> **What to produce**
Everything from the line that holds "拳打高通脚踢苹果?三星exynos 9810处理器全面解读" through the end of the records below is to be transcribed exactly, except the pictures.

> **Exercise materials**
____________
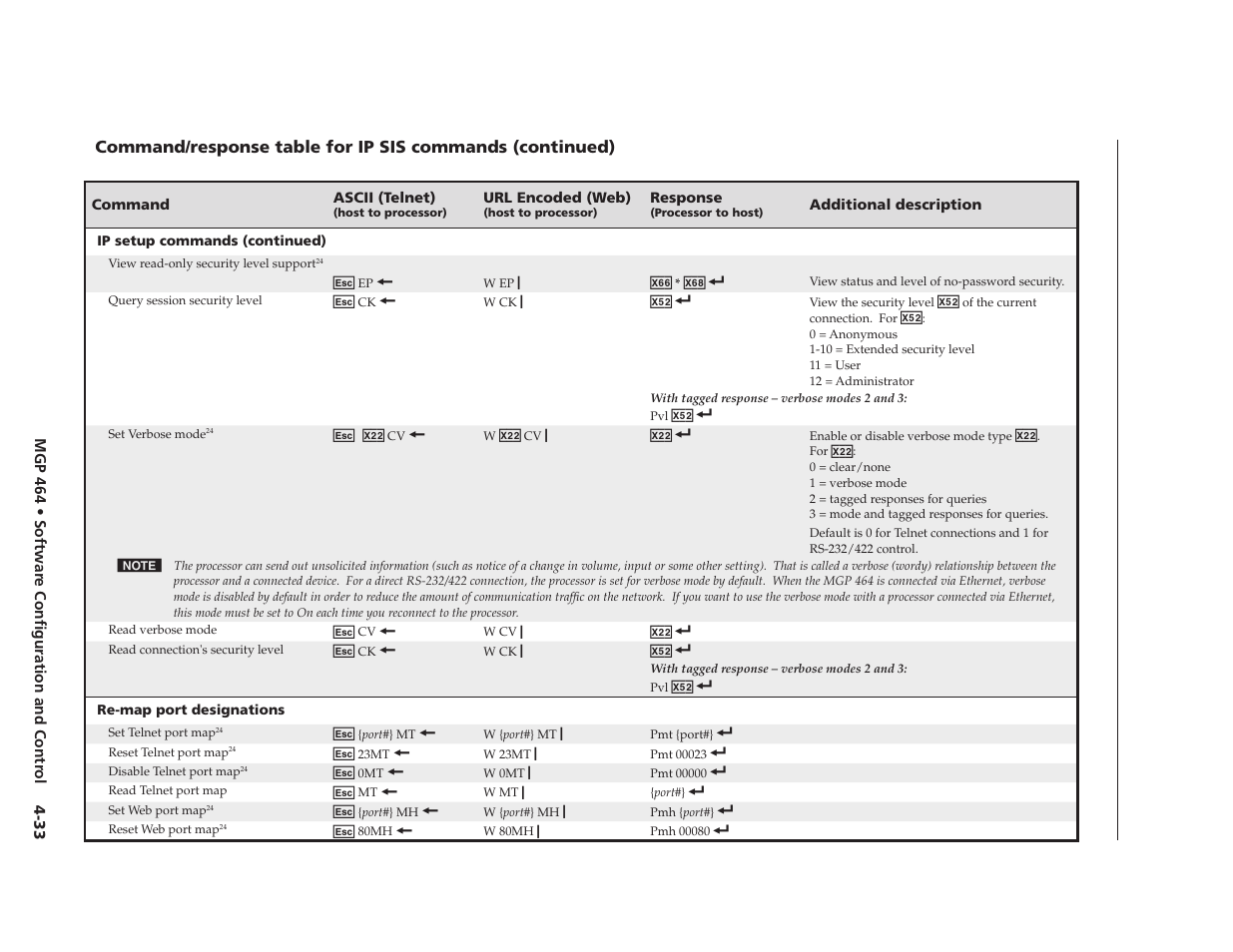 Preliminary | Extron electronic Multi-Graphic Processor MGP 464 DI User Manual | Page 85 / 142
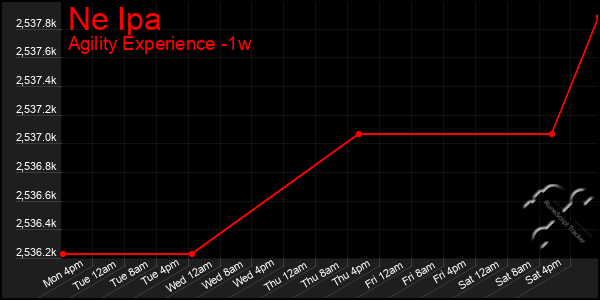 Last 7 Days Graph of Ne Ipa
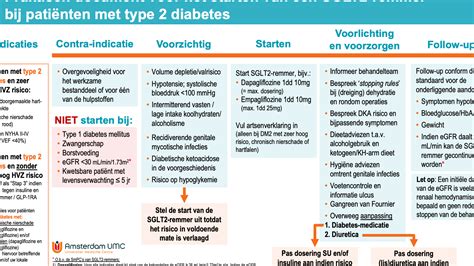 Infographic die de verschillende soorten ondertiteling en hun toepassingen uitlegt.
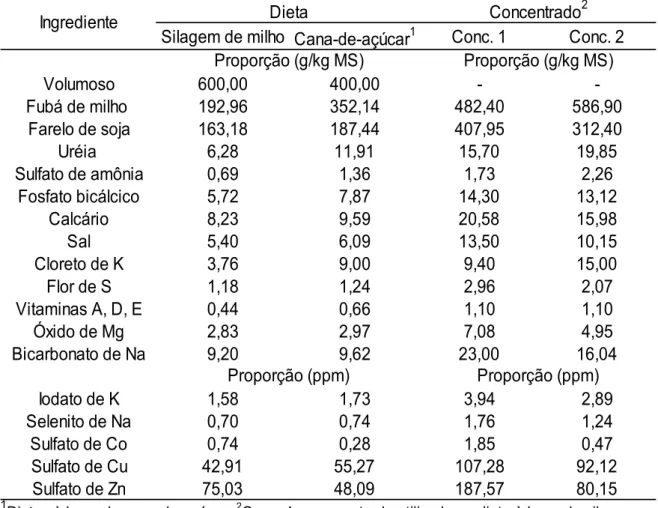 Tabela  1  –  Proporções  dos  alimentos  na  dieta  e  no  concentrado  e  a  composição do concentrado e da dieta na base da matéria seca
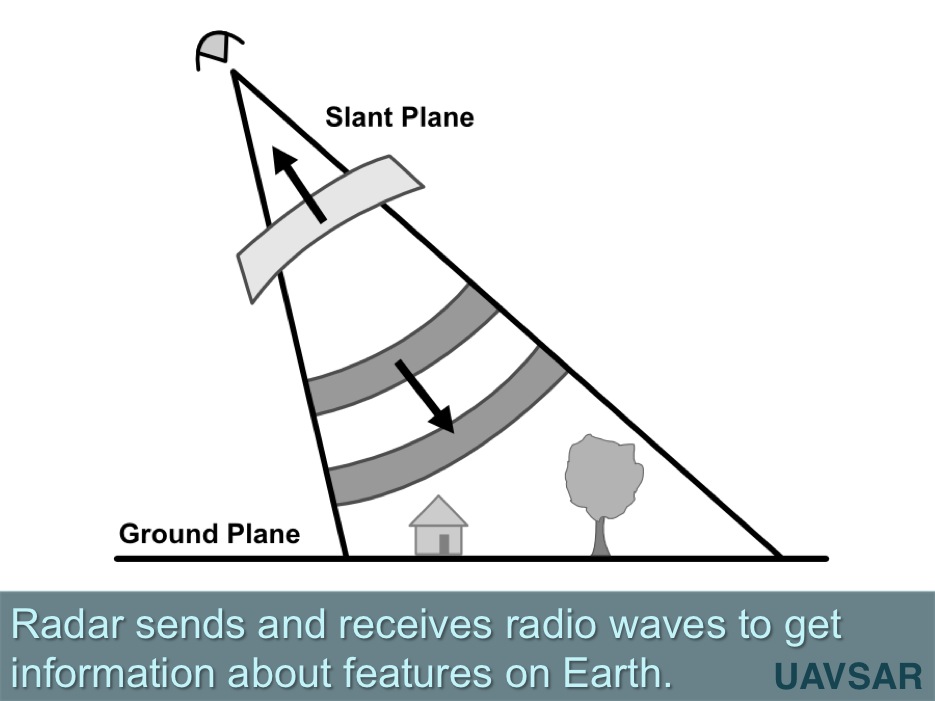 UAVSAR slideshow - slide 2
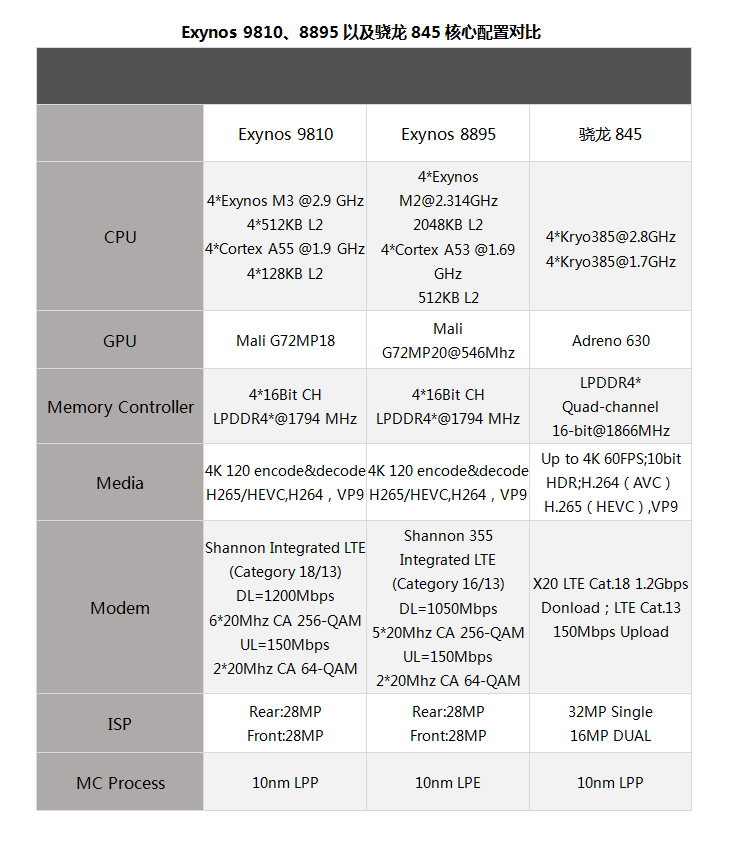 拳打高通脚踢苹果?三星exynos 9810处理器全面解读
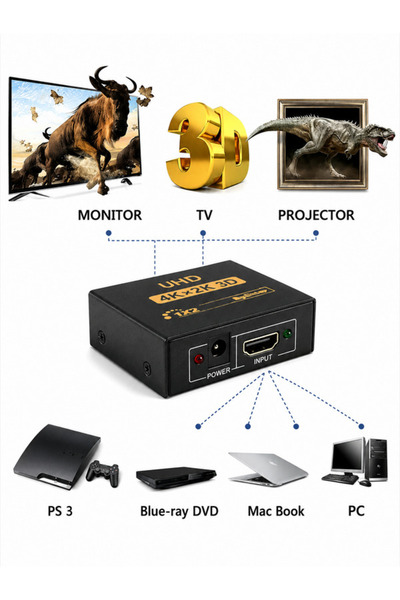 Vwin 4K HDMI Splitter Çoğaltıcı 2 Port Switch Ekran Monitör Çoklayıcı, Aynı Anda 2 Cihaza Görüntü/Ses Aktarır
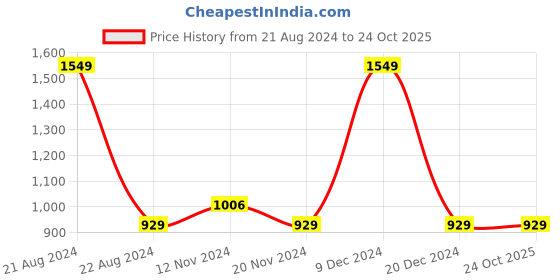 tatacliq.com Octave Kids Medium Blue Solid Jeans octave Price History Graph from 21 Aug 2024 to 23 Oct 2025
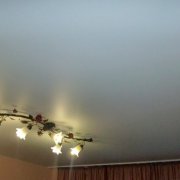Comment ne pas se tromper lors du choix du plâtre pour le plafond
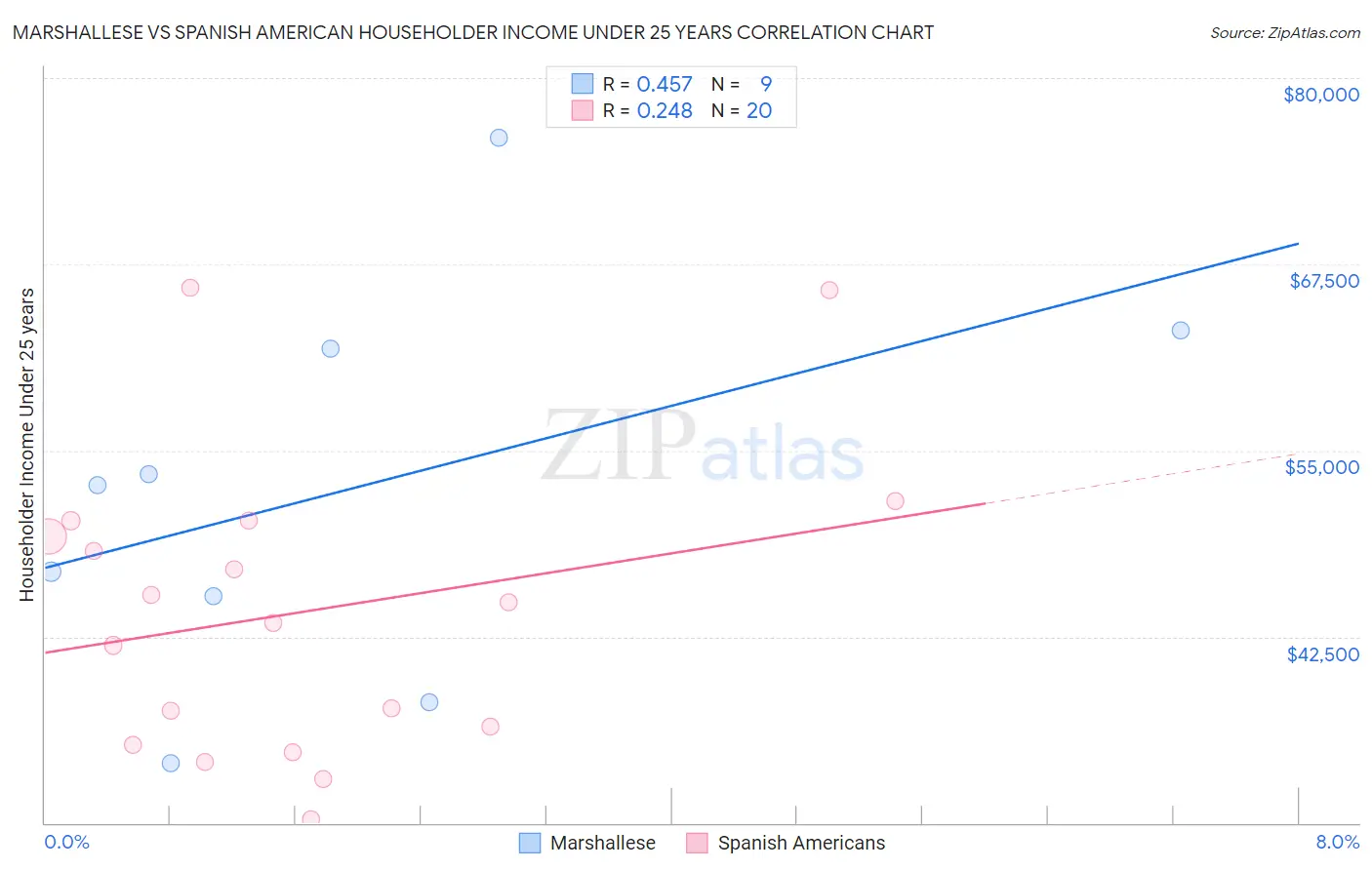Marshallese vs Spanish American Householder Income Under 25 years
____________
> **Response to this task**
 拳打高通脚踢苹果?三星exynos 9810处理器全面解读
 Vwin 4K HDMI Splitter Çoğaltıcı 2 Port Switch Ekran Monitör Çoklayıcı, Aynı Anda 2 Cihaza Görüntü/Ses Aktarır
 tatacliq.com Octave Kids Medium Blue Solid Jeans octave Price History Graph from 21 Aug 2024 to 23 Oct 2025
Comment ne pas se tromper lors du choix du plâtre pour le plafond
Marshallese vs Spanish American Householder Income Under 25 years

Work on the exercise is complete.